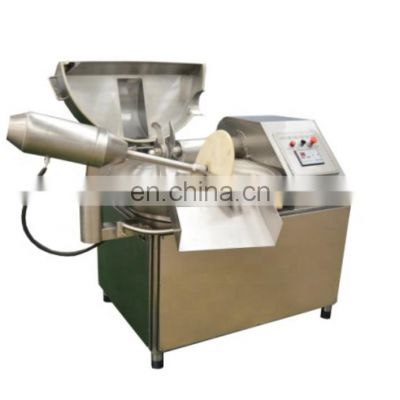Meat Bowl Cutter Machine For Food Industry meat stuffing chopper mixer machine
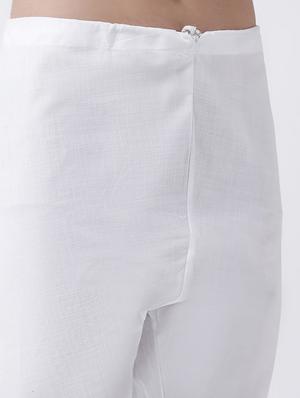 white printed kurta pyjama set - 17356883 - Standard Image - 5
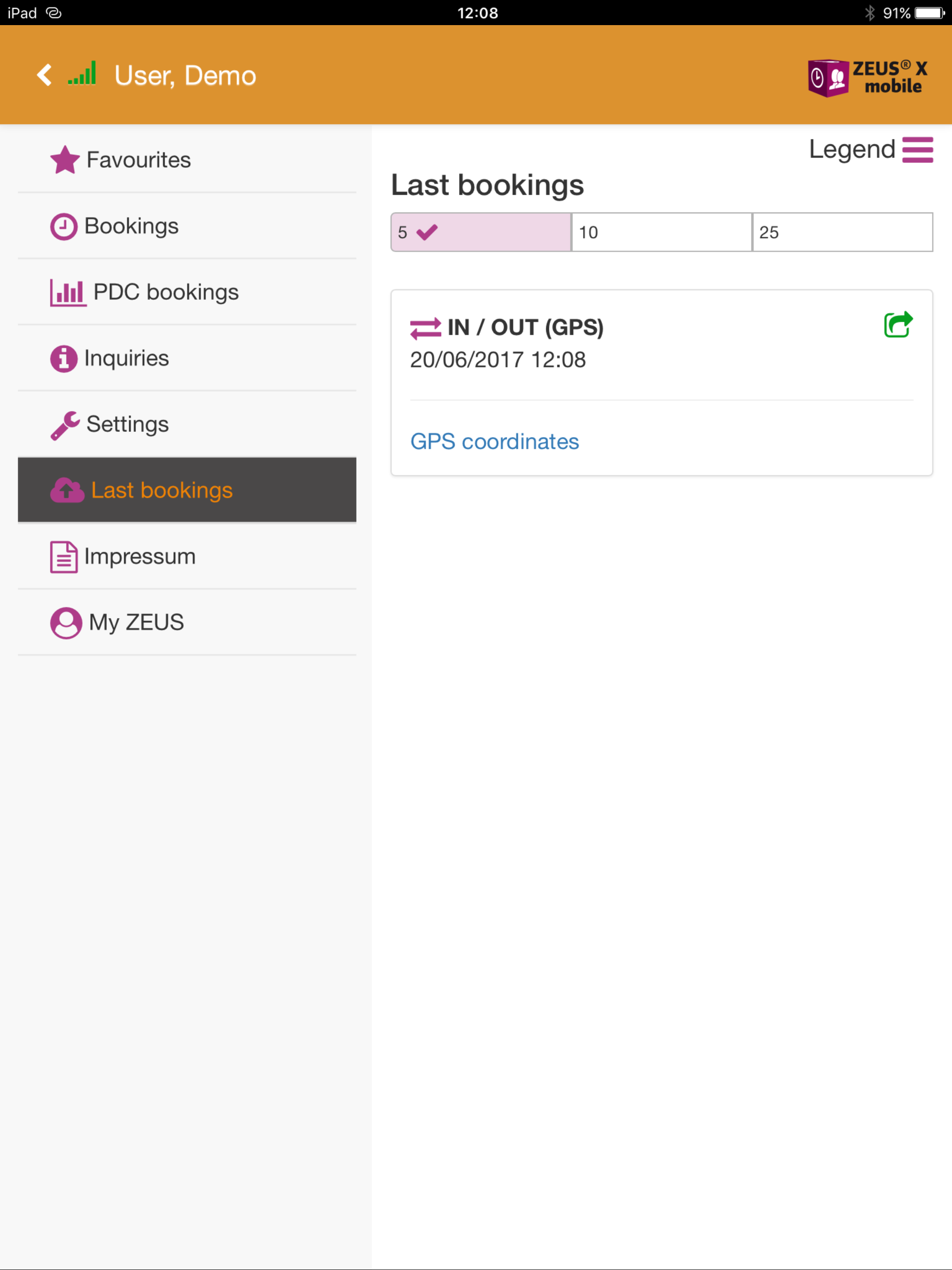 ZEUS X mobile screenshot 10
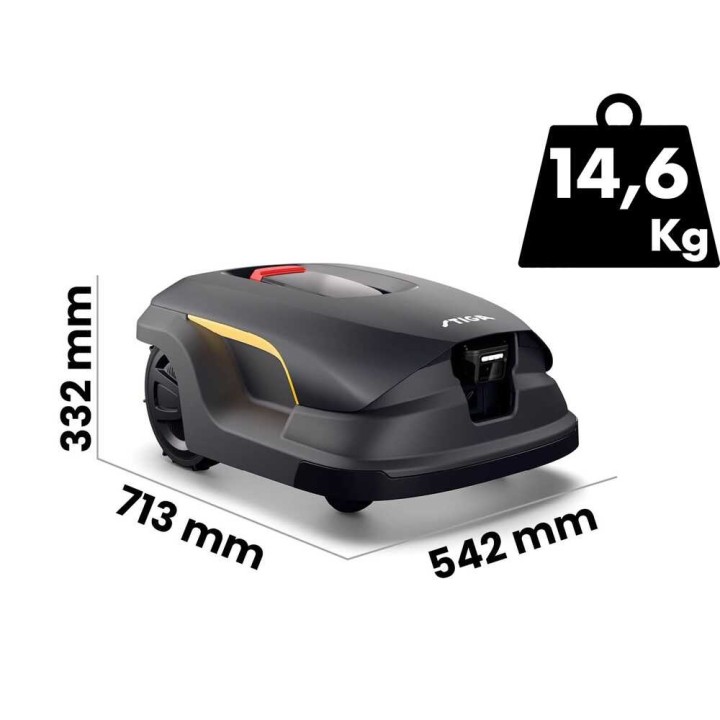 STIGA A 50v robottiruohonleikkuri, 5 500 m², GPS-RTK, 10 Ah, ilman rajakaapelia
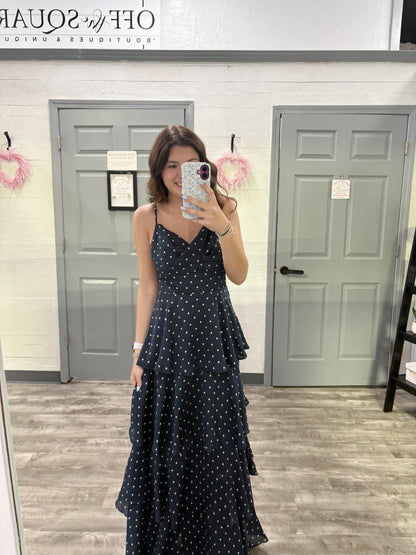Midnight Tiered Dress ￼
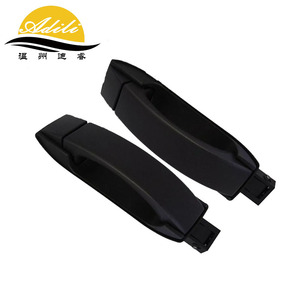 Manijas de puerta para Kia Van K2500 K2700 K2900 83650-4E000 83660-4E000, pieza de repuesto de plástico y metal negro - Product Image 2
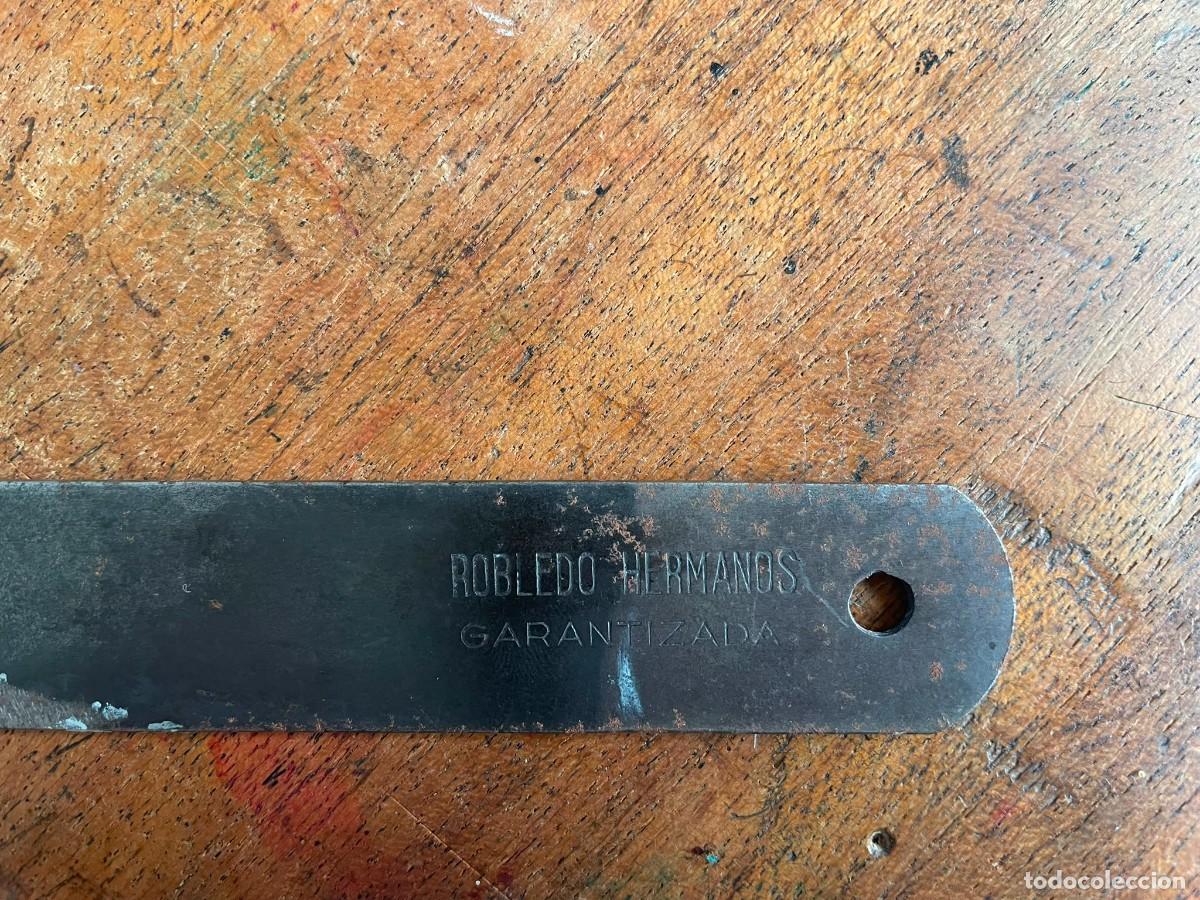 Sammeln: Antigua cuchilla de zapatero. Robledo Hermanos. 13 cm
- - -
* **What the exercise asks**: Print every entry above again, exactly as written. Leave the images out.

* **Solution**:
Meat Bowl Cutter Machine For Food Industry meat stuffing chopper mixer machine
 white printed kurta pyjama set - 17356883 - Standard Image - 5
 ZEUS X mobile screenshot 10
 STIGA A 50v robottiruohonleikkuri, 5 500 m², GPS-RTK, 10 Ah, ilman rajakaapelia
Midnight Tiered Dress 
 Manijas de puerta para Kia Van K2500 K2700 K2900 83650-4E000 83660-4E000, pieza de repuesto de plástico y metal negro - Product Image 2
 Sammeln: Antigua cuchilla de zapatero. Robledo Hermanos. 13 cm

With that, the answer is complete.